徳網山の山頂に亡き愛犬の化身が…
- GPS
- --:--
- 距離
- 5.2km
- 登り
- 484m
- 下り
- 472m
コースタイム
- 山行
- 4:00
- 休憩
- 1:30
- 合計
- 5:30
天候 | 快晴 |
---|---|
過去天気図(気象庁) | 2015年11月の天気図 |
アクセス |
利用交通機関:
自家用車
|
コース状況/ 危険箇所等 |
途中の尾根に出てから、急登となり、ところどころ痩せた個所や、岩場もあるが、それほど危険なところはない。 |
写真
感想
紅葉が綺麗で、山頂の眺めが良く、しかもカミさんもいっしょなので、余りきつくない山はないか、地図を見たり、山行記録を読んだりするうち、目に留まったのが、徳網山でした。
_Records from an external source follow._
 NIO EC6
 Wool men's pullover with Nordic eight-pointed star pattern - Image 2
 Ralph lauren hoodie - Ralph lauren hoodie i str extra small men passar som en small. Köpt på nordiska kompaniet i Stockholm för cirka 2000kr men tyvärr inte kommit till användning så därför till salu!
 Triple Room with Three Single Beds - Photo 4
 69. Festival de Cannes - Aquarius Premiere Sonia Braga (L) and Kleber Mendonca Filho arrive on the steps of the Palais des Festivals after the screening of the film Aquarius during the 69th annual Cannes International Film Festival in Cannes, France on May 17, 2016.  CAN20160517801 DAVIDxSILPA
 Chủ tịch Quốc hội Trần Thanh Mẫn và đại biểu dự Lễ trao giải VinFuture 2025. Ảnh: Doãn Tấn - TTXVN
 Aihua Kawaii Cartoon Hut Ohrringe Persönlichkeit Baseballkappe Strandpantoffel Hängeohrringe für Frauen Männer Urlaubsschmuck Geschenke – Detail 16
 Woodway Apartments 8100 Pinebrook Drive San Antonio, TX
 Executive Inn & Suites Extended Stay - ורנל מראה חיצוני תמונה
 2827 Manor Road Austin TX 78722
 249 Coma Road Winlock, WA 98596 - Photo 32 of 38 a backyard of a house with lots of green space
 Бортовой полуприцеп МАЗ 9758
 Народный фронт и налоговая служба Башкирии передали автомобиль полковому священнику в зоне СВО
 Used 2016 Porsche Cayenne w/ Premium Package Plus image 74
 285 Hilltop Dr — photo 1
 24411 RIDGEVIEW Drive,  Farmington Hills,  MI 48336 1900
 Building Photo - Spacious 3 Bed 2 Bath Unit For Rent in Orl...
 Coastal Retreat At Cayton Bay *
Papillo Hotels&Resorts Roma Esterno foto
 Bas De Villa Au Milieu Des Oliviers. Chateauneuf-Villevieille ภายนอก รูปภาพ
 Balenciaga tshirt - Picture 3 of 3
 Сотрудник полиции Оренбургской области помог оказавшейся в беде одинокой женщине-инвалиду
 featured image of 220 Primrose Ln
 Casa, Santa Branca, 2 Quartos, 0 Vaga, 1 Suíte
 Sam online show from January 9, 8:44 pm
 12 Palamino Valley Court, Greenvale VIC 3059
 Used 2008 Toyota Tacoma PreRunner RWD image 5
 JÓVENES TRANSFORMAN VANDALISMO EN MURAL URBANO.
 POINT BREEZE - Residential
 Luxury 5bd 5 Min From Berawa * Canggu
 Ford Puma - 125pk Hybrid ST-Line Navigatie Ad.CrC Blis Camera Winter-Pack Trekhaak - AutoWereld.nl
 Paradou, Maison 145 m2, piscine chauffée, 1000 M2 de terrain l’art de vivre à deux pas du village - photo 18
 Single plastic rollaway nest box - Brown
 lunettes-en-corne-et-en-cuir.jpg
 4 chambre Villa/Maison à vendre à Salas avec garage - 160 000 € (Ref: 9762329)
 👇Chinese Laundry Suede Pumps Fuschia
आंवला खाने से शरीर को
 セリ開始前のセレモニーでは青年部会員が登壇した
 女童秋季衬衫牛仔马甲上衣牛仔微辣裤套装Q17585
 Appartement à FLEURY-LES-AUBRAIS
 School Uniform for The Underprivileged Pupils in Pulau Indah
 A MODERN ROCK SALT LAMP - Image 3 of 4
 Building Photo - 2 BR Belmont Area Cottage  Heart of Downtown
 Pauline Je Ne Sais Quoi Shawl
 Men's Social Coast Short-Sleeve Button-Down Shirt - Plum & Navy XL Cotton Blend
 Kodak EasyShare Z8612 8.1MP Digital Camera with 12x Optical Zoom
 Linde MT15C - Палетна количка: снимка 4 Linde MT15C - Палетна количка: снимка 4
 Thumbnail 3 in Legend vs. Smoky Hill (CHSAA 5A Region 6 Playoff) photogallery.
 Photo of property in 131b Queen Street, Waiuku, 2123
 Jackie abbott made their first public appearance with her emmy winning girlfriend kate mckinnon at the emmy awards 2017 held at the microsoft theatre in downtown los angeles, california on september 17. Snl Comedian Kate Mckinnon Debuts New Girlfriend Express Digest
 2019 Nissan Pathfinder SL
朝日連峰の南西に派生する稜線の末端に位置する、標高は780メートほどの低山です。
登山口を出発して、杉の林を抜けると、目の前に、錦彩なす紅葉の山道があらわれました。とりわけ素晴らしいのが、ブナの林です。百年、二百年は経ったと思われる巨木が、鮮やかな黄の衣装をまとって、次から次へと目に入ってきます。それに真紅のモミジが絶妙の配置で色を添え、まさに天然の芸術作品です。
ルートの半ば過ぎまでは、比較的ゆるやかな登りが続きます。その途中で、早くも下山して来た男性に会いました。
「初めてきたけど、本当いい山ですね。この次は妻を連れてきます」といいながら足早に下って行きました。何でも、これからもう一つ山に登るのだそうです。
636メートル峰まで来ると、登山道は右に方角を変え、山頂までは、やせた尾根の急登となります。この尾根、見晴らしが良く、変化に富んでいて、気持ち良く登れます。小さな岩場を通過すると、間もなく山頂となります。
山頂に登りつくと、息をのむような、展望が待っていました。北東には、朝日連峰の主稜、袖朝日岳、西朝日岳、中岳、大朝日岳、平岩山、大玉山、祝瓶山が連なっています。新潟の山の開拓者・藤島玄の名著「越後の山旅(上巻)」によれば、徳網山、桧岩屋山、西朝日岳を経て、大朝日岳に至る古道があったといいます。その稜線が目で、はっきりと辿れます。
そして、南には、早くも雪化粧をした飯豊連峰が白く輝いていました。 しばらくはカミさんと二人、声もなく、360度の展望に目を奪われるだけでした。
コッヘルにお湯を沸かし、昼ごはんの支度をしていると、どこからともなく一羽の蝶が、やって来て、私達の回りを飛び交ったり、帽子や、背中にとまったりします。褐色の蝶で、ちょうど色づいた葉が、枝から散って飛んできたような色合いをしています。
蝶は、私達が食事をしている間、おねだりするように、まとわりついていました。妻は、昨年亡くなった愛犬の化身だと、本気とも冗談ともいえない口調でつぶやきました。
愛犬は、山やキャンプにもよく連れて行きましたが、かなりの食いしん坊で、食事時などは私達家族にまとわりついて、離れなったこともあり、それを思い出したのでしょう。私も、どうかするとそんな気持ちにさせられました。
蝶は、私達が食事を終えると、いずこへともなく去って行きました。
誰もいない我々だけの山頂で、のんびり1時間あまり過ごした後、下山に掛かりました。ところどころにナメコを見つけては、それを採りながら、ゆっくりゆっくり、午後の光に照らされた紅葉の中を下りました。
隠れた素晴らしい山に出会うことができた、晩秋の一日でした。